RECORD EXTRACTS.
--------------------------------

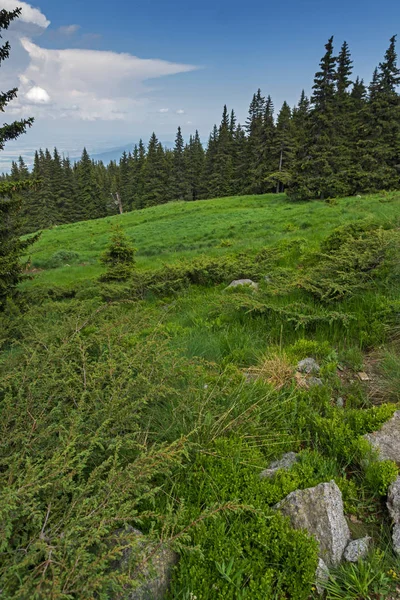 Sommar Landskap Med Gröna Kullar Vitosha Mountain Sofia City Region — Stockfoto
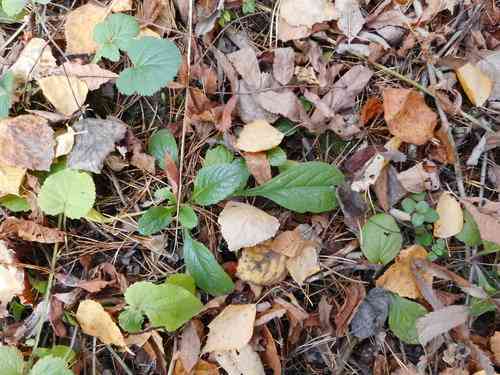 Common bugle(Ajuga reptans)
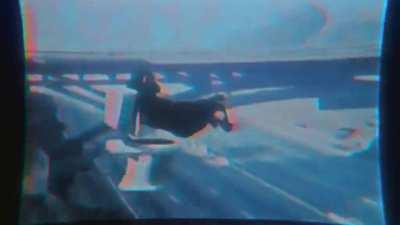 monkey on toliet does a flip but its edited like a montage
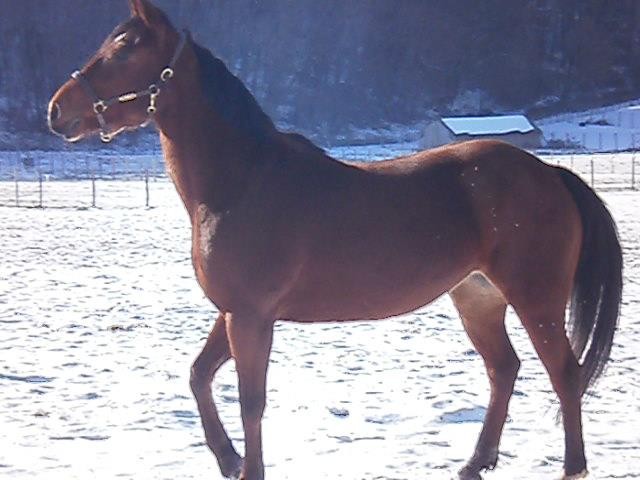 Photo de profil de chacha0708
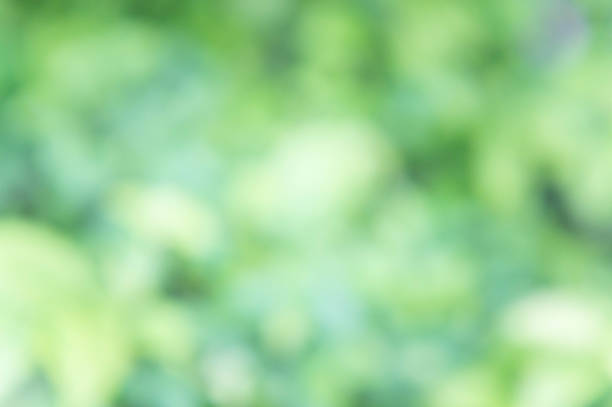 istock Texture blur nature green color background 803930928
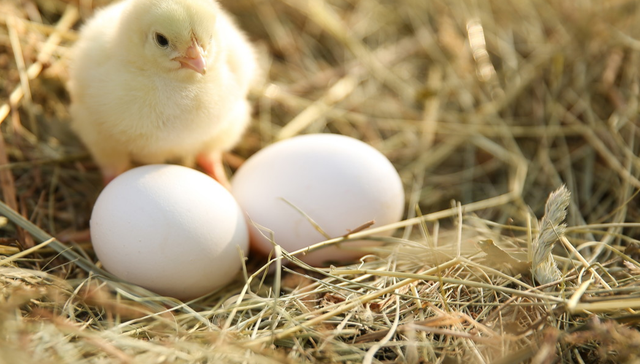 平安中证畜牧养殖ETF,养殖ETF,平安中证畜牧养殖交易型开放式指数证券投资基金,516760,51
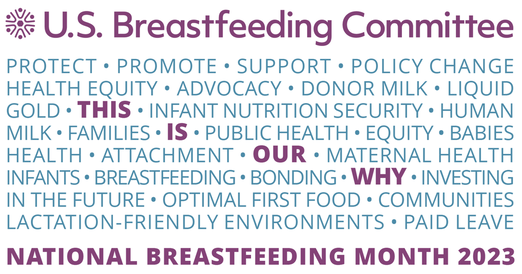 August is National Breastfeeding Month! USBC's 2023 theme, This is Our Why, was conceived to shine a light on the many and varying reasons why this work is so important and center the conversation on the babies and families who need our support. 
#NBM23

--------------------------------

WORK INSTRUCTION. Transcribe every entry exactly. Leave out the pictures.

RESPONSE AREA.
 Sommar Landskap Med Gröna Kullar Vitosha Mountain Sofia City Region — Stockfoto
 Common bugle(Ajuga reptans)
 monkey on toliet does a flip but its edited like a montage
 Photo de profil de chacha0708
 istock Texture blur nature green color background 803930928
 平安中证畜牧养殖ETF,养殖ETF,平安中证畜牧养殖交易型开放式指数证券投资基金,516760,51
 August is National Breastfeeding Month! USBC's 2023 theme, This is Our Why, was conceived to shine a light on the many and varying reasons why this work is so important and center the conversation on the babies and families who need our support. 
#NBM23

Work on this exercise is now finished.